Some of the industry’s biggest names spent at least part of yesterday in police custody, and while unconfirmed, some have already been charged with race fixing or similar offences.
Names at the centre of the investigation named Operation Inca include last season’s premiershipwinning driver Blair Orange, the man he dethroned for that title Dexter Dunn, and Dunn’s brother John, himself a leading driver.
The Herald understands at least one other successful Canterbury trainer was extensively questioned by police, while they also visited the stables of champion trainers Mark Purdon and Natalie Rasmussen, with Purdon reportedly not part of the investigation.
While police yesterday suggested race fixing and potentially drugs are at the centre of their investigations the Herald was told that illegal performance-enhancing substances used on horses are not the focal point of Operation Inca. The investigation was sparked by information passed to police by the Racing Integrity Unit as early as April last year and police have tapped phones and checked text messages as part of the investigation.
What they found or are still to find in those texts or calls will be crucial to building a case against any of those under investigation because race fixing is incredibly hard to prove. And often even harder to actually achieve.
While there have and always will be those who are suspicious of racing being “fixed”, the reality is it has never been cleaner because of technology.
Most trainers and drivers/jockeys don’t bet because it is too easy to trace, with bookies openly supplying betting records to authorities.
So any of the people under investigation placing a bet on a race they were involved with would set off alarm bells regardless of the result.
Which is why the spouses of several of those under investigation were also questioned yesterday, to see whether they had placed bets on their partner’s behalf. That is almost certain to be a dead end.

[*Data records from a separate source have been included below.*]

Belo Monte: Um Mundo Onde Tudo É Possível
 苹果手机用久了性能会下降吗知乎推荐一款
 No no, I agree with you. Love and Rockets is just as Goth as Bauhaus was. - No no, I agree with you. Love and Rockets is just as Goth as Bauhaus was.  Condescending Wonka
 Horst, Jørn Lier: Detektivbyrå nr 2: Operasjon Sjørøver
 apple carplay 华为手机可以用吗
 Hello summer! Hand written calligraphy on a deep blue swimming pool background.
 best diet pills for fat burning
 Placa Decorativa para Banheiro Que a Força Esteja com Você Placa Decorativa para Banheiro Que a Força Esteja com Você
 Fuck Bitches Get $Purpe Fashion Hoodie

What is more likely to end up at the centre of the investigation and any future charges will be betting activities of third parties who bet on information supplied by horsepeople and may have rewarded them for that information.
That in itself is an offence but a relatively minor one.
The real problem for harness racing would be if any of the parties involved colluded to rig a race, supplied that information to a third party and benefited from that information and any money subsequently won. That would have huge ramifications, an iceberg to racing’s Titanic.
Text messages, phone calls or face-to-face conversations between punters looking for a tip, even just an opinion, from horsepeople have been going on for as long as there have been phones or racetracks.
So if the text messages, recordings and apparently emails, the latter a seemingly very strange way to fix a race, confirm that any drivers knew each other’s plans and passed that information on, then harness racing has a problem like cricket’s famous match fixing scandals.
The other option is a punter ringing multiple horsepeople, putting that information together and betting accordingly for their own purposes.
Christchurch-based owner Graham Beirne also had property raided yesterday but was overseas and denies any wrongdoing.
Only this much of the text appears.